Researchers at the California Institute of Technology (Caltech) have developed an optical “tuning fork” device they say could help improve high-speed communications, navigation and remote sensing by stabilizing the signals of high-quality lasers and the electrical currents needed to power electronics.
“When you’re tuning a piano, a tuning fork gives a standardized pitch, or reference sound frequency; in optical resonators the ‘pitch’ corresponds to the color, or wavelength, of the light. Our device provides a consistent light frequency that improves both optical and electronic devices when it is used as a reference,” Kerry Vahala, Ted and the Ginger Jenkins Professor of information science and technology and applied physics, said. A silica glass chip resonator with a specially designed path for the photons in the shape of an Archimedean spiral was used to help stabilize the light’s frequency.

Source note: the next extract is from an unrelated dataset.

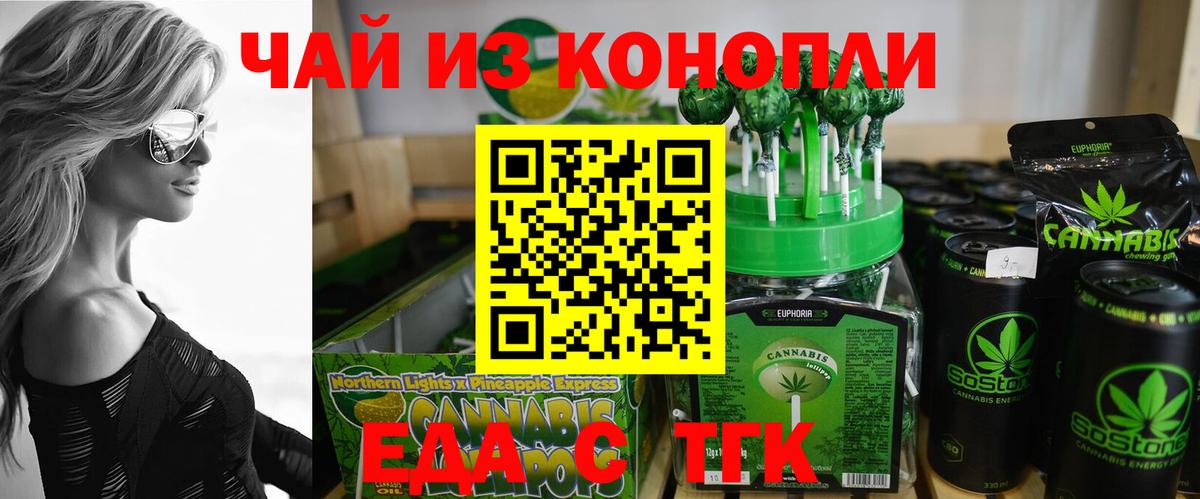 Canna-Cookies конопля  Вход с VPN  Дубна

“Using this shape [of an Archimedean spiral] allows the longest path in the smallest area on a chip. We knew that if we made the photons travel a longer path, the whole device would become more stable,” Hansuek Lee, a senior researcher in Vahala’s lab and lead author on the paper.

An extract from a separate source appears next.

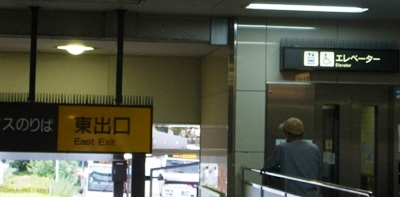 大橋駅階段とエレベーター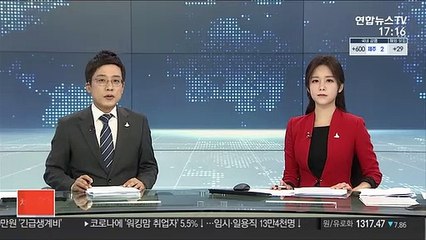 월성 자료 삭제 혐의 공무원 3명 영장심사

In addition to being used as a frequency reference for lasers, researchers believe the device could be used to help efforts to shrink optical oscillators, which are considered better than electronic oscillators at delivering stable microwave and radio frequencies.

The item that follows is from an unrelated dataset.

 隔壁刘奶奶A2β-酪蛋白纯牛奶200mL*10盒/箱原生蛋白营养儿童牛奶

“A miniaturized optical oscillator will represent a shift in the traditional roles of photonics and electronics. Currently, electronics perform signal processing while photonics rule in transporting information from one place to another over fiber-optic cable. Eventually, oscillators in high-performance electronics systems, while outwardly appearing to be electronic devices, will internally be purely optical,” Vahala said.
“The technology that Kerry and his group have introduced opens a new avenue to move precision optical frequency sources out of the lab and onto a compact, robust and integrable silicon-based platform,” Scott Diddams, physicist and project leader at the National Institute of Standards and Technology, recent Moore Distinguished Scholar at Caltech and a coauthor on the study, said. “It opens up many new and unexplored options for building systems that could have greater impact to ‘real-world’ applications.”